Unanimous revocation: Anaheim Council members, after what was reported as a sometimes-heated debate at their Aug. 27, finally reached the unanimous decision to end the tax incentive deals.
The canceled taxpayer subsidies were just the latest in billions of dollars' worth of subsidies, incentives, rebates and tax breaks that the global entertainment company has received over the last two decades.
However, newer members of Anaheim's leadership had begun to question the city's generosity toward the wildly successful company.
Those new Anaheim perspectives took a dimmer view of the favorable tax treatment given the city's biggest employer.
Tax adversaries: That attitude change reportedly was why Disney asked for the tax breaks to end.
The week before the decisive vote, Walt Disney Co. sent the Anaheim City Council a letter saying the tax incentives had "created an adversarial climate where there should be cooperation and goodwill."
Anaheim Mayor Tom Tait, who is not a fan of tax money underwriting private development projects, said he was "very surprised" by Disney's request, which he called "a good and bold move" that allows the city and Disney to "push the reset button."
Wait added that he is optimistic that "Disney will continue to invest in their park because it makes good business sense."
Other council members were not so sanguine, with one fearing the loss of tax breaks will mean the loss of jobs related to Disney projects.
And Disneyland will still benefit from one city tax break that was not affected by this week's vote.

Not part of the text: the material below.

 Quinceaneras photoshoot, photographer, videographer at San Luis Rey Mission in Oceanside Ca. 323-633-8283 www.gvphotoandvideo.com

Anaheim has agreed to hold off on admissions tax collections in exchange for companies' investments of at least $1 billion through 2024. Disney's new Star Wars: Galaxy's Edge expansion, expected to open next year, qualifies for the ticket tax waiver.
Avoiding ballot measure pay rules: Some Disney skeptics, however, say the company decided to give up short-term tax benefits to offset potential longer-term labor costs.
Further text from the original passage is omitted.